Même dans l’hypothèse où la victime est indemnisée de ses pertes de revenus futurs sur la base d’une rente viagère, cette dernière ne prend pas en compte l’évolution de carrière et de revenus à laquelle la victime pouvait prétendre.

Plus récemment, la Haute juridiction est venue confirmer la compatibilité des pertes de gains professionnels futurs avec une incidence professionnelle en cas de reconversion (Cass. crim., 1er juin. 2021, n°19-86.319). 

Lorsque la victime ne peut plus travailler, rien n’empêche en revanche que soit indemnisées d’autres composantes de l’incidence professionnelle comme l’impossibilité de trouver une quelconque activité et de suivre une formation (Cass. 2e civ., 16 déc. 2021, n°20-14-553) L’indemnisation de ce poste va permettre également de réparer la question de la dimension sociale dès lors que les victimes qui ne peuvent plus reprendre leur travail perdent ainsi une partie de leur identité sociale (Cass. 2ème civ. 6 mai 2021, n°19-23.173). Dans cet arrêt, la Cour de cassation admet que le concept de « dévalorisation sociale » soit une composante de l’incidence professionnelle.

Une indemnisation in abstracto mais non forfaitaire

La Cour de cassation censure l’évaluation forfaitaire de l’incidence professionnelle sur le fondement du principe de réparation intégrale (Civ. 2e, 13/06/2019, n°18-17571, Civ. 2e, 20/05/2020, n° 19-13.222). 
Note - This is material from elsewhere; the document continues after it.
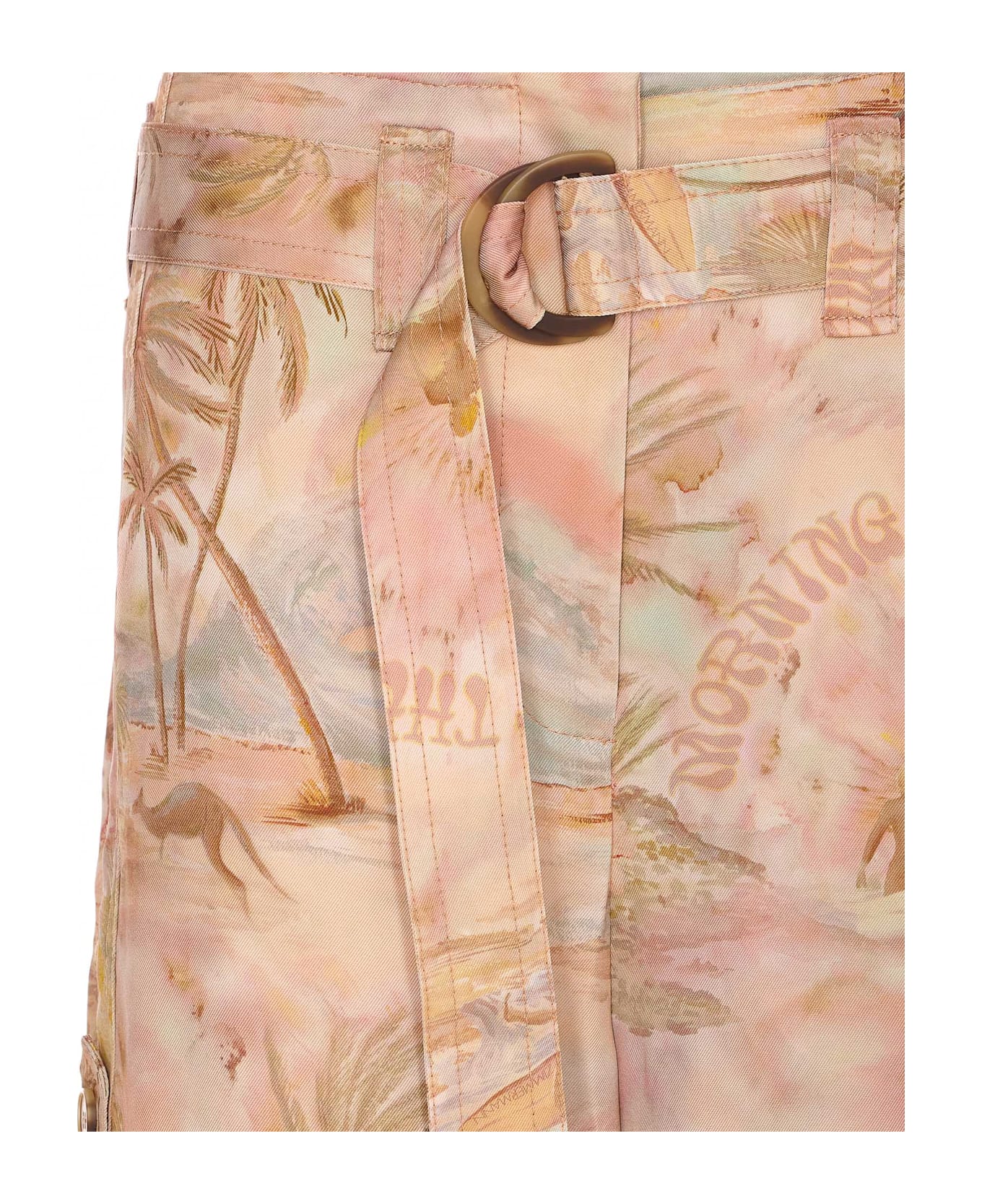 Zimmermann Illuminate Pants - ORANGE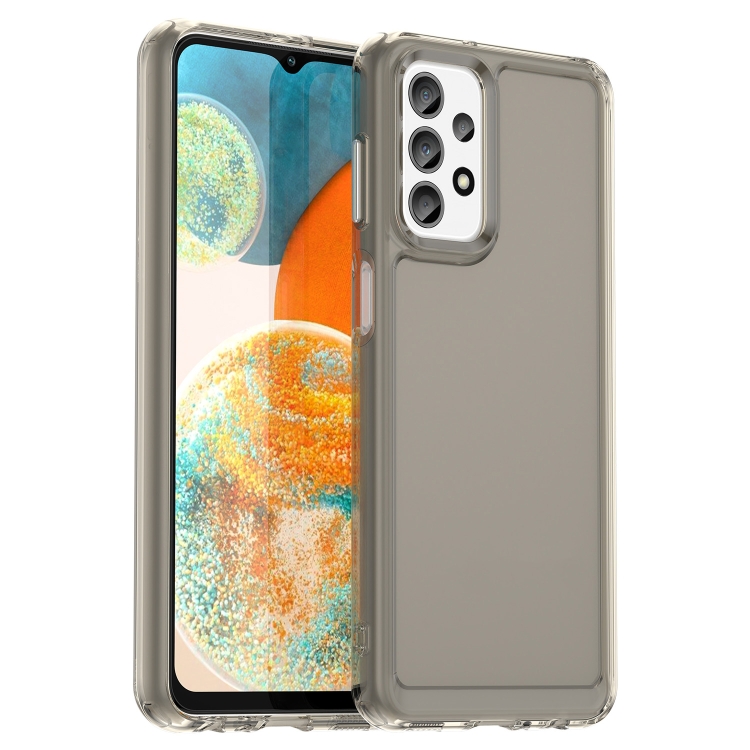 

For Samsung Galaxy F13 Candy Series TPU Phone Case(Transparent Grey)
Cette nouvelle condamnation de la Cour de cassation dans son arrêt du 20 mai 2020 renforce sa position désormais établie d’une évaluation concrète et pragmatique de l’incidence professionnelle qui ne saurait en aucun cas être appréciée de manière forfaitaire. 

Cette volonté d’individualiser la réparation de l’incidence professionnelle s’observe à travers l’hétérogénéité des montants proposés par les juridictions, dont la réparation doit correspondre à la victime. 

Cette position de la Cour fait directement référence à une méthodologie aujourd’hui régulièrement appliquée par les Juges du fond permettant la détermination de l’incidence professionnelle au regard de l’évaluation par le prix du travail par laquelle il s’agit de déterminer par un pourcentage du salaire mensuel le coefficient d’incidence professionnelle subi par la victime.

La problématique de la détermination de l’incidence professionnelle et son indemnisation à sa juste valeur est d’autant plus intéressante que le contexte de crise sanitaire a mis en exergue que la valorisation par le travail est essentielle car elle permet à chacun de se sentir utile à la société.

Ainsi, la notion « d’anomalie sociale » mise en exergue par la Cour de Cassation de par l’inaptitude à l’emploi prend aujourd’hui d’autant plus de sens (Crim, 28 mai 2019, n°18- 81.035).